*Problem to solve*
Drop every image and restate the entries below word for word.

*Captioned web images*
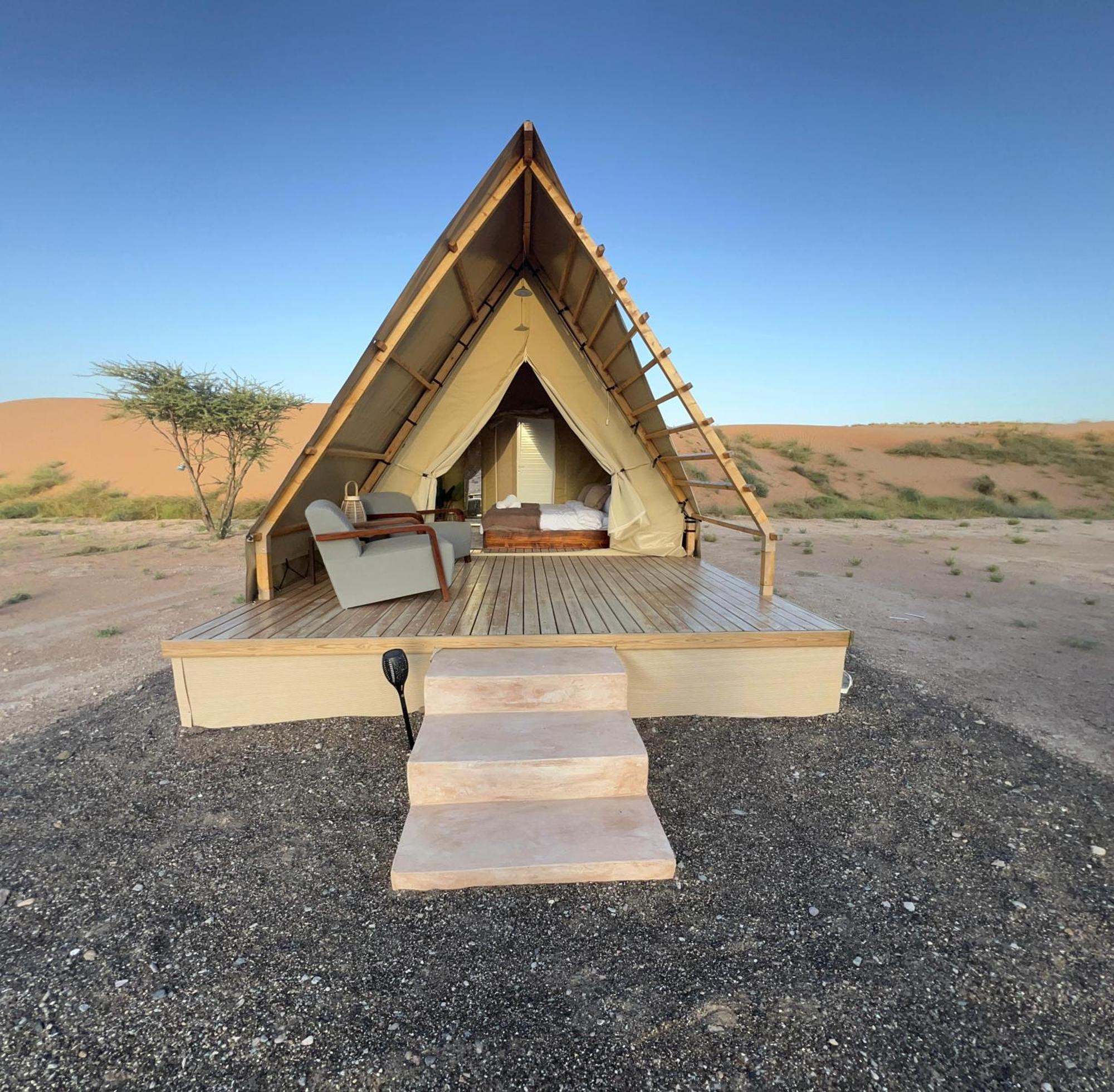 Adventurer Camp Hotel Al Wasil Bagian luar foto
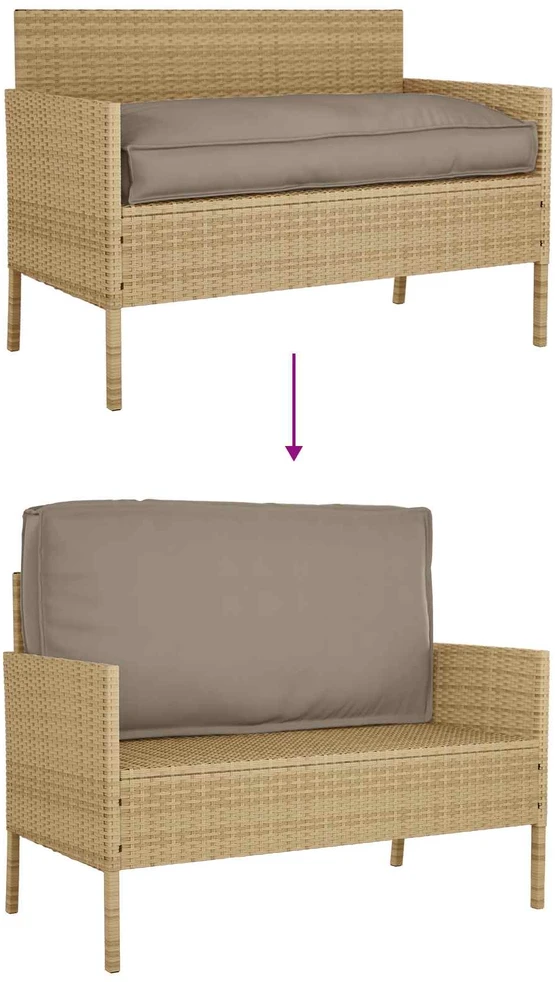 Pagalvėlė Oksfordo audinys Tortora 120 x 60 x 12 cm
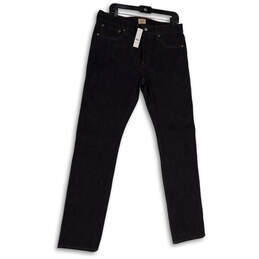 NWT Mens Blue Denim Dark Wash Pockets Stretch Straight Jeans Size 32x34
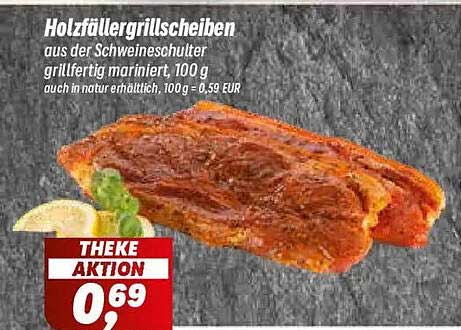 Holzfällergrillscheiben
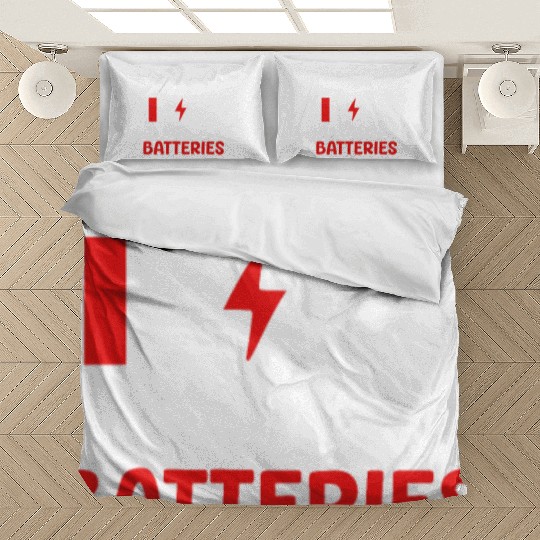 Depression Awareness Just Low On Batteries Bedding Sets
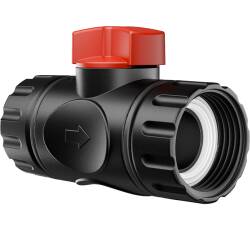 PP Mini Kugelhahn 2fach Innengewinde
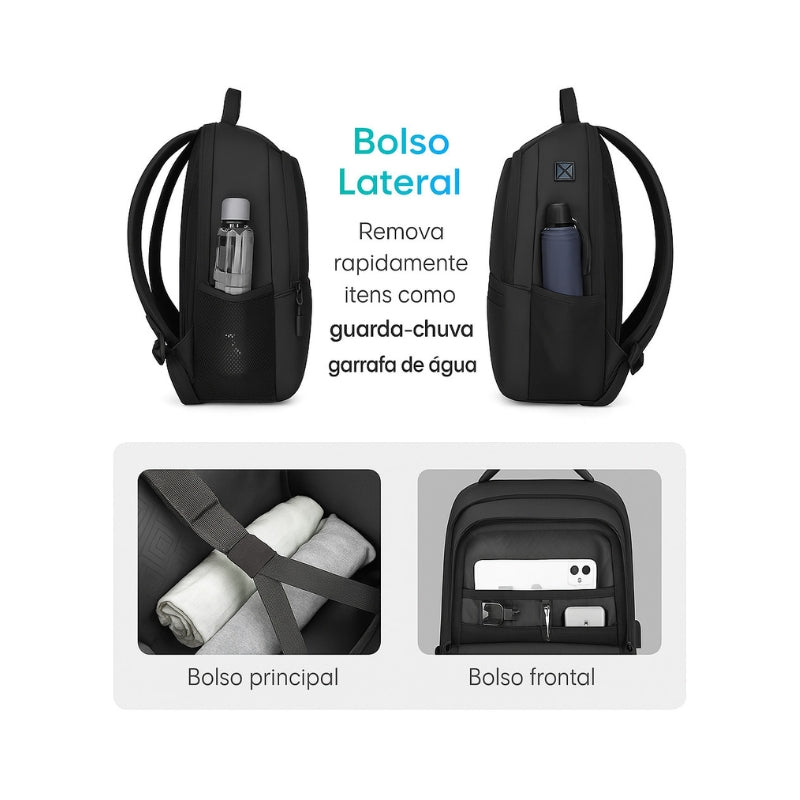 Mochila para Notebook Impermeável Executiva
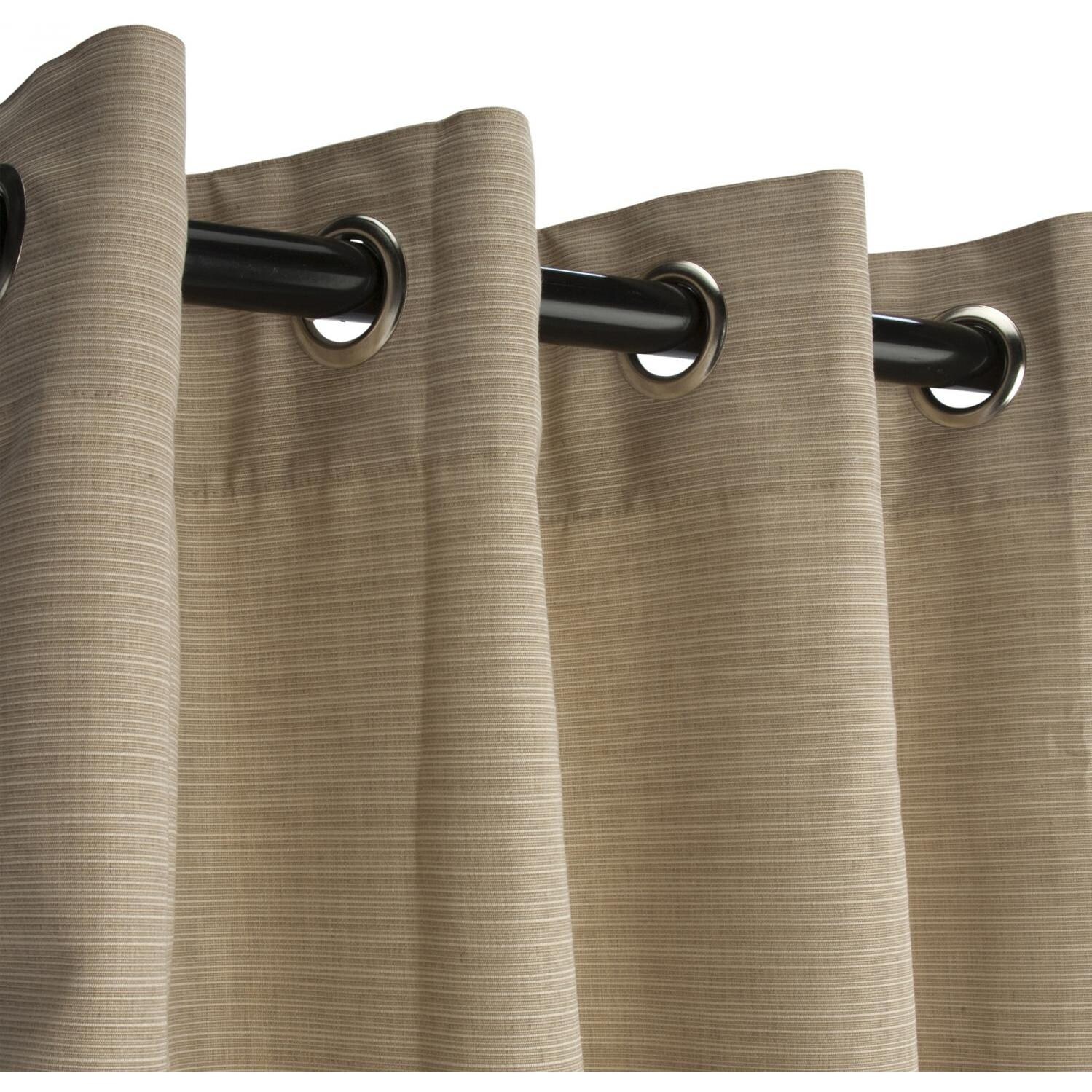 Sunbrella Outdoor Curtain With Grommets By Hatteras Outdoors - 50 X 84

*Response box*
 Adventurer Camp Hotel Al Wasil Bagian luar foto
 Pagalvėlė Oksfordo audinys Tortora 120 x 60 x 12 cm
 NWT Mens Blue Denim Dark Wash Pockets Stretch Straight Jeans Size 32x34
 Holzfällergrillscheiben
 Depression Awareness Just Low On Batteries Bedding Sets
 PP Mini Kugelhahn 2fach Innengewinde
 Mochila para Notebook Impermeável Executiva
 Sunbrella Outdoor Curtain With Grommets By Hatteras Outdoors - 50 X 84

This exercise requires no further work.